Entrambi siamo figli di un tempo che non contiene il suo tempo, di un giorno che non conosce il suo ieri e il suo domani. Forse proprio per questo io e Martino abbiamo imboccato due strade incrociate.
Da bambino la mia nostalgia conteneva immagini di cieli e di odori, di bianchi nubi libere che superassero i confini di quell’incedere torinese così prudente e programmato; la sua malinconia, invece, si spingeva fino a un mondo di uomini e cose, a un sogno di felicità che stava fuori da quella valle chiusa e solitaria. Probabilmente i giochi del nostro pensiero si sono incrociati ai piedi delle montagne, lanciati in direzioni opposte da un amore così simile da sembrare identico.
Eppure siamo figli della stessa epoca, delle facili comunicazioni e degli scambi culturali. Io studiavo storia all’università e Martino raccoglieva la sua storia in ogni filo falciato nel grande prato tra i castagni. Le vie diritte e ordinate della mia città trasudano ancora oggi i sacrifici e gli imbrogli del loro passato, così come le montagne di Martino proiettano oltre le creste, nei tramonti d’estate, la fatica e la pazienza che furono dei suoi antenati. Possibile un simile errore di prospettiva?
Per entrambi è stato un moto di ribellione e di fuga. Io scrollavo le spalle a quella vita cittadina tanto ovattata da coprire il mio grido di libertà. Martino credo rincorresse la stessa libertà, ma nei luoghi, per me tristi, che lo aiutavano a dimenticare le interminabili serate invernali, le poche famiglie rimaste nella sua valle e il denaro delle mie parti che aveva abbagliato le fanciulle del paese. Così io abiurai la mia natura cittadina e lui vendette la sua terra ai nuovi mercanti.

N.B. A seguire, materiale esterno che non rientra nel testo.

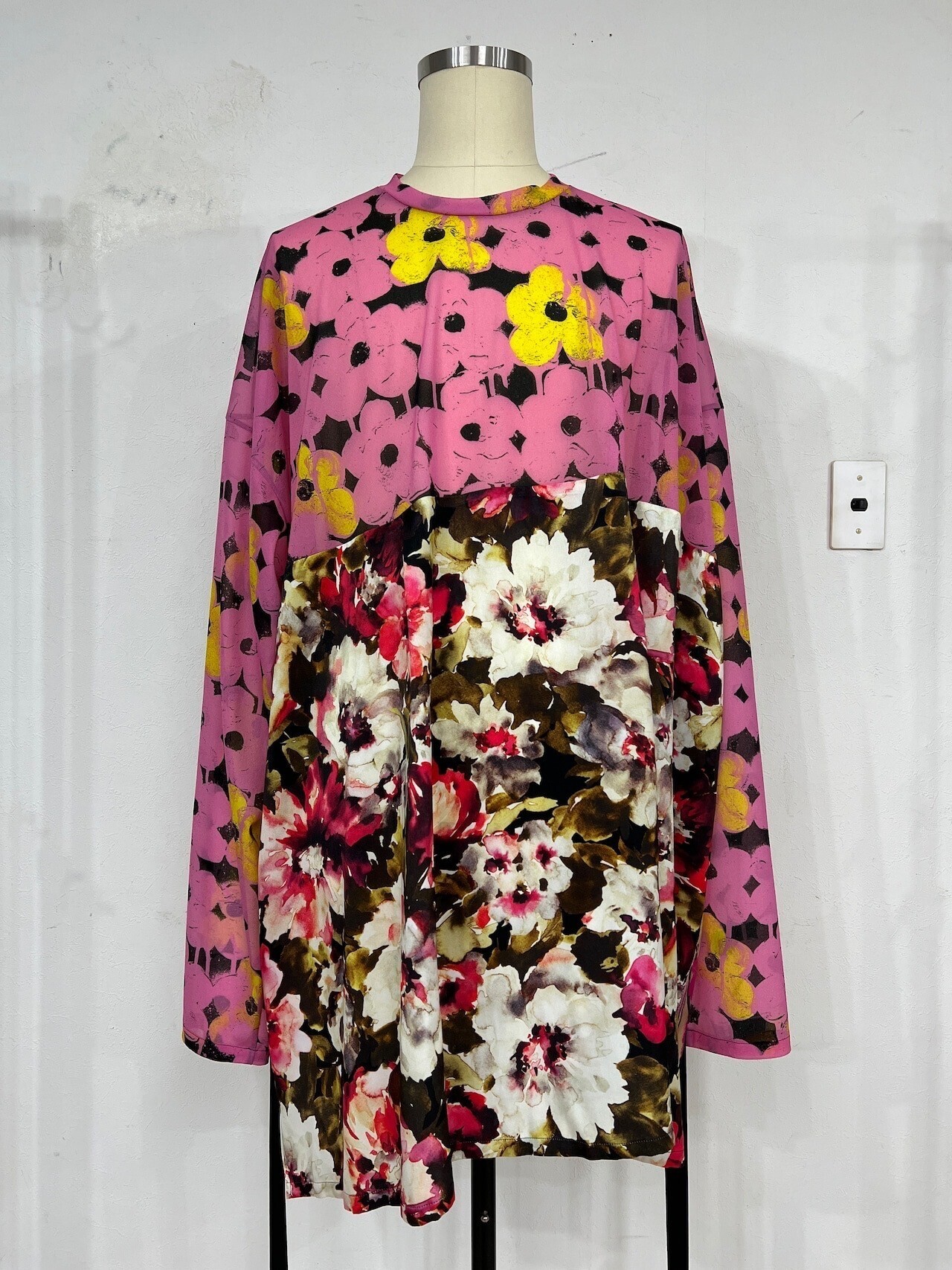 KIDILL DOCKING SHEER FLOWER DRESS(PINK FLOWER) KL878
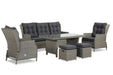 Garden Collections New Castle dining loungeset 6-delig - 6901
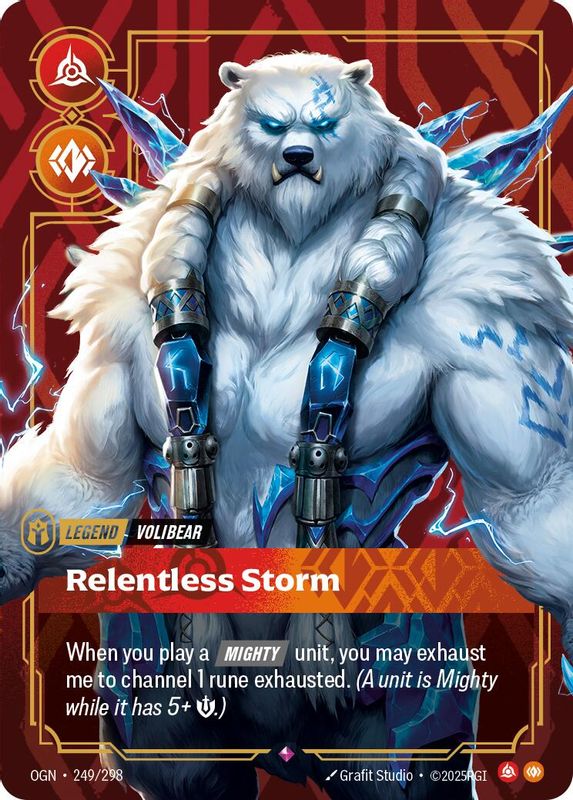 Volibear - Relentless Storm - 249/298 - Rare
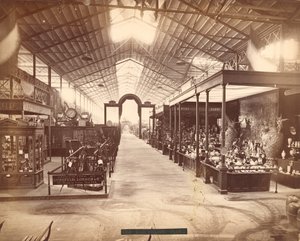 French Section, Main Building, Centennial International Exhibition, Philadelphia, 1876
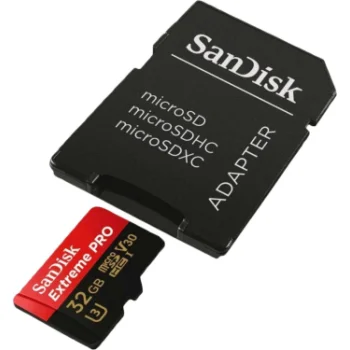 Sandisk Extreme Pro SDSQXCG-032G-GN6MA microSDHC 32GB (с адаптером)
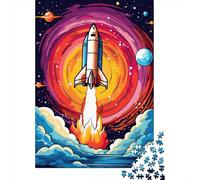 Puzzles colorés de 1000 pièces pour Adultes, Motif fusée, Puzzles de 1000 pièces, Cadeaux pour Adultes, 1000 pièces (75 x 50 cm)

Credevamo di aver trovato per sempre la libertà. Io vissi gli anni più belli correndo come un indiano attraverso boschi e montagne, e inizia ad arrampicarmi sulle rocce seguendo il richiamo pagano della pietra. Martino sfiorò la felicità della gioventù, abbagliato da promesse di benessere e onnipotenza. Furono gli anni più facili, di chi non pensa alla mattina quello che raccoglierà alla sera. Consumavamo orgasmi di beatitudine tra le albe sui ghiacciai e le notti brave sotto le stelle. Io d’estate mi alzavo quando lui finiva la sua lunga giornata di montanaro arricchito, forse ci incrociavamo per le strade buie del paese, ma non sapevamo.
Dopo qualche tempo le mie albe avevano cambiato colore e le sue notti erano sempre più appesantite dal sonno e dall’abitudine. Era curioso quel nostro incedere esperto, quella posizione carismatica, che sulle rocce chi tra la gente. Curioso con una punta di ridicolo, quel fondo di amaro che nessuno notava tranne noi due.
Ormai eravamo due campioni dell’evasione. Io ogni domenica fuggivo le gioie, i dolori e le ingiustizie della mia città, proiettato da un giorno di festa a un altro con lunghi ponti vuoti sulla mia realtà. Martino consumava le sue briciole di felicità ai piedi di case così alte da non riuscire più a vedere le montagne. E intanto si smorzava l’antica illusione di poter essere diversi, come se cultura e impegno non fossero mai esistiti per me, come se tradizione e pace montanara non fossero mai penetrati nell’animo di lui.
Ma probabilmente i giochi del nostro pensiero non avevano superato il piede delle montagne. Per anni avevano veleggiato smarriti in cerca di un significato. Testardi, mentre fugaci immagini di evasione li confondevano e li sopraffacevano, si erano lentamente ripiegati su loro stessi. Pazienti, contro corrente, erano ritornati verso la sorgente che li aveva generati.
… Io e Martino non ci conosciamo; forse, se ci incontrassimo, nemmeno ci capiremmo. Lo riconoscerei negli occhi vivi e testardi, scavati ma non piegati dalle bizzarrie del tempo. E in silenzio incroceremmo i nostri sguardi.